Читаем Сабанеев мост полностью

Перспектива командировки с высоким начальством удовольствия не доставляла. Потапов был заместитель министра автомобильной промышленности СССР, а Кондратьев заведовал соответствующим сектором ЦК КПСС. Несомненными плюсами, однако, была гарантия хорошего номера в гостинице и отсутствие хлопот по добыванию билетов.

В Саранск обычно ездили не медленным и грязным прямым поездом, а скорым поездом Москва – Челябинск с вагонами не зеленого, а темно-красного цвета, так называемым фирменным. Он именовался «Южный Урал», был лучше обыкновенных поездов и шел через станцию Рузаевка, откуда до Саранска было километров тридцать и куда к поезду присылалась машина. Из Москвы поезд уходил вечером и прибывал в Рузаевку рано утром, таким образом, рабочее время не терялось.

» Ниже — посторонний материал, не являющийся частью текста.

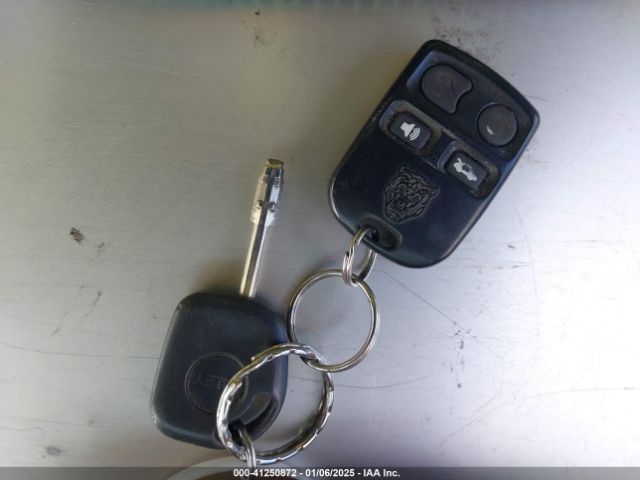 2001 JAGUAR S-TYPE SAJDA01NX1FM12368 Photo 10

Мы ехали в четырехместном купе жесткого вагона; в соседнем купе разместился заместитель министра монтажных и специальных работ Солоденников со своими специалистами. Солоденников пришел пить чай в наше купе и с интересными подробностями рассказывал о недавно законченном строительстве Останкинской башни.

В те годы даже люди такого высокого ранга не считали для себя возможным ездить за государственный счет в СВ или в мягких вагонах. Это было неприлично. Толстая проводница не могла себе этого представить и была искренне удивлена, когда Потапов, немолодой, совершенно седой человек, с вальяжными повадками большого начальника, попросил ее постелить постель, что, конечно, входило в ее обязанности. Удивлен был и Потапов, получив, как простой смертный, грубую, насмешливую отповедь.

Услышав язвительные прибаутки, Кондратьев усмехнулся:

– Оторвались от народа, Николай Михайлович.

Он был еще сравнительно молод, лет сорока пяти, подчеркнуто демократичен и постель стелил сам.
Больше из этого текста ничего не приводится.